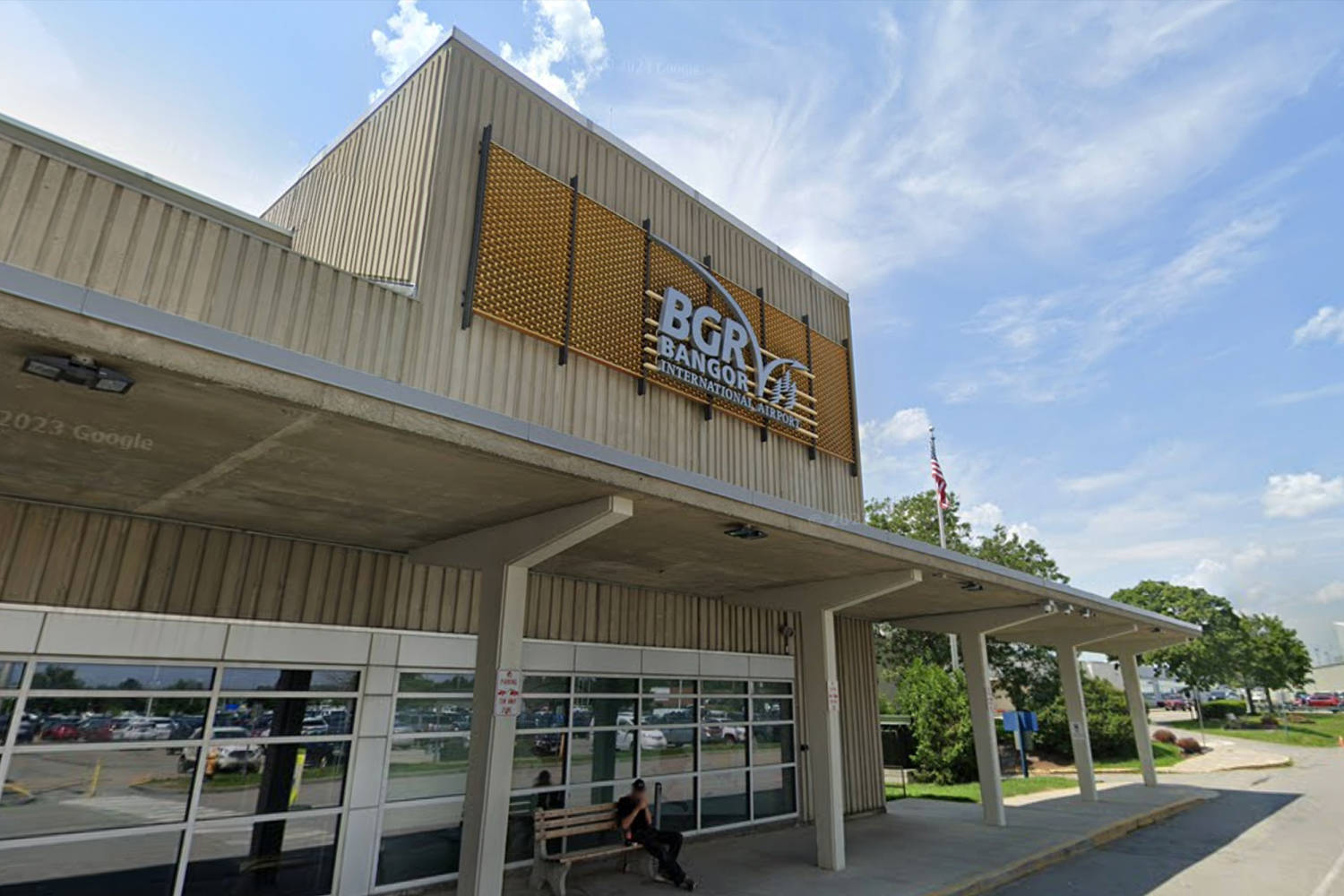 Business jet with 8 on board crashes during takeoff in Maine<br><br>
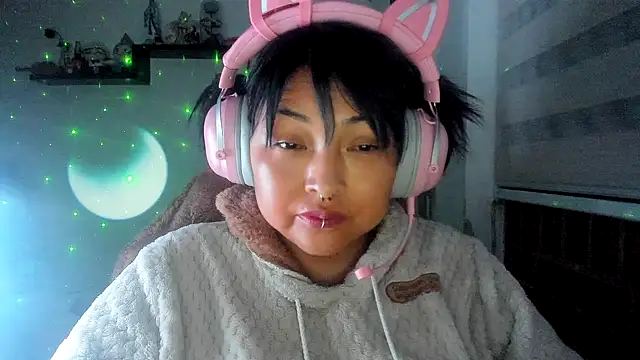 Chatroom XXX en direct de Shaddycute_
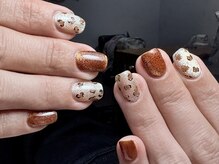 エイナネイル(einanail)/持ち込みアート6本美形フォルム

PROBLEM TO WORK ON: The lines wanted run from the one with "Chatroom XXX en direct de Shaddycute_" through the final line of the data; repeat them word for word and skip every picture.

RESULT:
 Chatroom XXX en direct de Shaddycute_
 エイナネイル(einanail)/持ち込みアート6本美形フォルム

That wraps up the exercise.